What a simple but appropriate image of God’s restorative work in our lives! How many times have you found yourself down on the ground, unable to stand under your own power and calling out in desperation for your Shepherd to help you back up? I know I’ve found myself there more times than I would care to admit. Yet, the simple and enduring promise is there: “He restores my soul.” When I am tired or beaten down by sin or simply life in this world, when I am discouraged or lost as to which way to go, my Shepherd is right there waiting for me to turn to Him – to trust in Him – so that He might restore my soul and lead me in the ways of righteousness.

     He restores my soul from the stain of sin. – Isaiah 1:18; Acts 22:16

     He restores my soul from the weariness of this life. – Matthew 11:28-30

     He restores my soul with a hope of eternal life with Him. – 2 Corinthians 4:16-5:8

It’s important to remember, though, that He restores my soul with the intent that I follow His lead in the paths of righteousness. If there are paths of righteousness, there are also paths of unrighteousness (Matthew 7:13-14). Proverbs 14:12 says, “There is a way that seems right to a man, but its end is the way of death.” Jeremiah 10:23 adds, “O Lord, I know the way of man is not in himself; it is not in man who walks to direct his own steps.” It’s quite clear from these passages that I am not able to determine on my own which paths are ones of righteousness and which are ones of unrighteousness. Yet, this is exactly what we try to do so often, isn’t it? This is how we get into trouble in the first place! 

All we like sheep have gone astray; we have turned, every one, to his own way; and the Lord has laid on Him the iniquity of us all.” (Isaiah 53:6)
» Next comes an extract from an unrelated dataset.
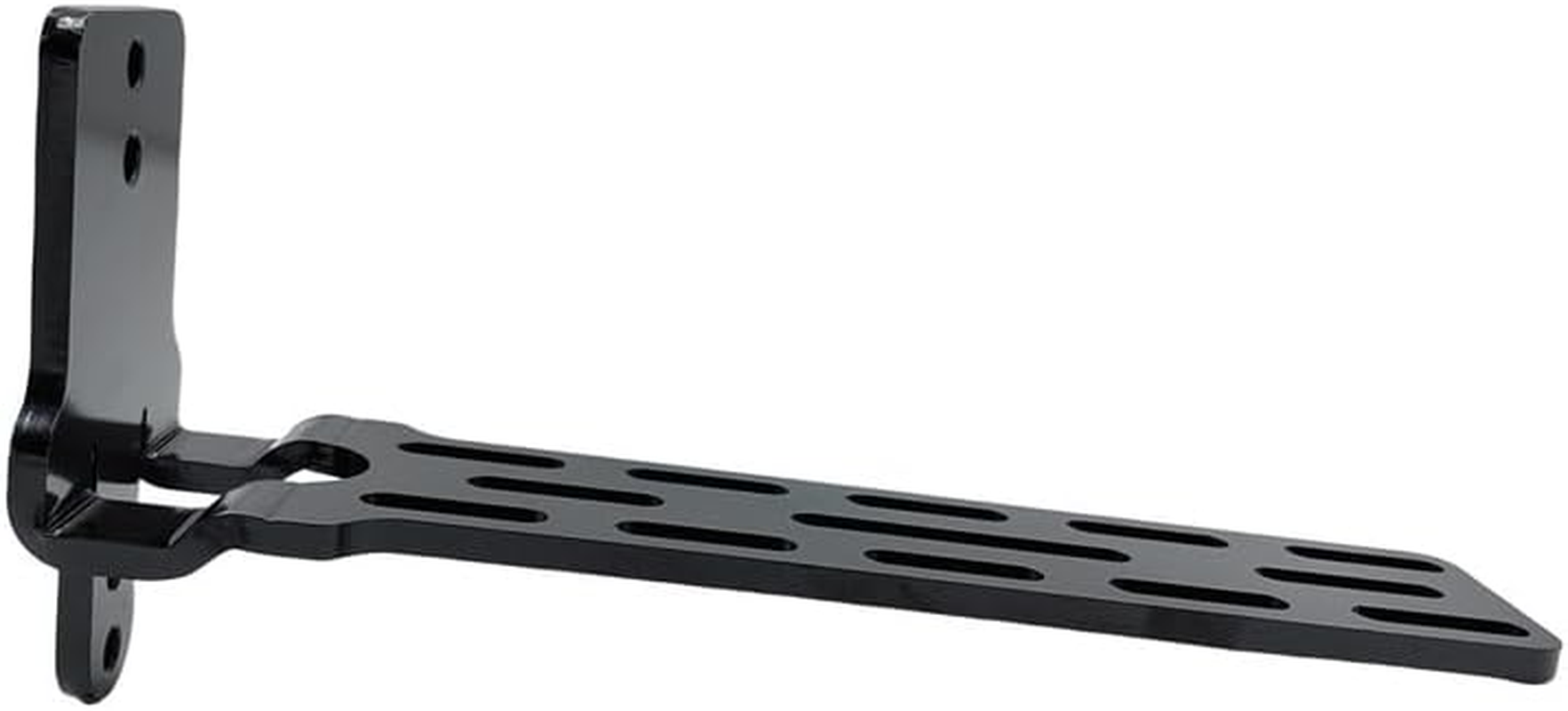 270 Awning Bracket Compatible with Darche and Kings 270 Free Standing Awning image number 3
We tried to choose our own paths and found ourselves hopelessly mired in the pits of sin. We were that cast sheep, crying out for help. And Jesus suffered and died so that He could offer us the restoration we so desperately needed. And He continues to offer restoration to those who fall but cry out for His help. So why then would we not gladly follow His lead in the paths of righteousness? We have His word (Romans 1:16-17; 2 Timothy 3:16-17) and His example (1 Peter 2:21-24) to follow. Let us be diligent to follow faithfully!
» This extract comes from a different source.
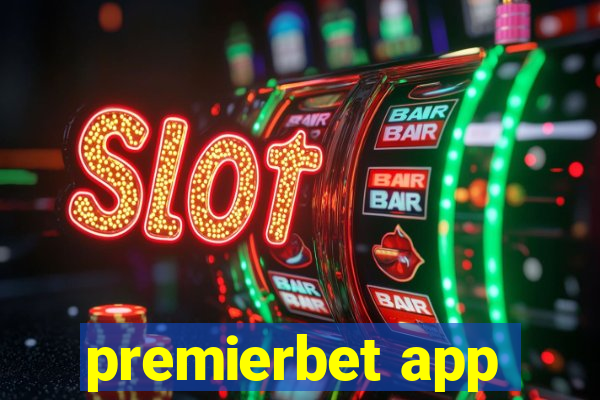 premierbet app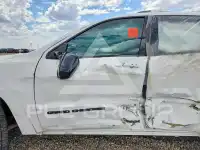 2020 Jeep CHEROKEE фото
Who Himself bore our sins in His own body on the tree, that we, having died to sins, might live for righteousness – by whose stripes you were healed. For you were like sheep going astray, but have now returned to the Shepherd and Overseer of your souls.” (1 Peter 2:24-25)

Thanks for stopping by!

~Erin~

Scripture taken from the New King James Version®. Copyright © 1982 by Thomas Nelson, Inc. Used by permission. All rights reserved.

Monday, August 18, 2014

Psalm 23:2 – Green Pastures & Still Waters

He makes me to lie down in green pastures; He leads me beside the still waters.” (Psalm 23:2)

As was said in the last post, the rest of Psalm 23 expands on the basic truth stated in verse 1, “The Lord is my Shepherd; I shall not want.” For all those sheep who submit themselves to the loving care of the Good Shepherd, the blessings are bountiful and beyond compare. Here in verse 2, the focus is on the abundance and the superior quality of the sustenance that the Lord provides to His sheep. How great a blessing is it that our Lord does not just make provision but that He provides the very best!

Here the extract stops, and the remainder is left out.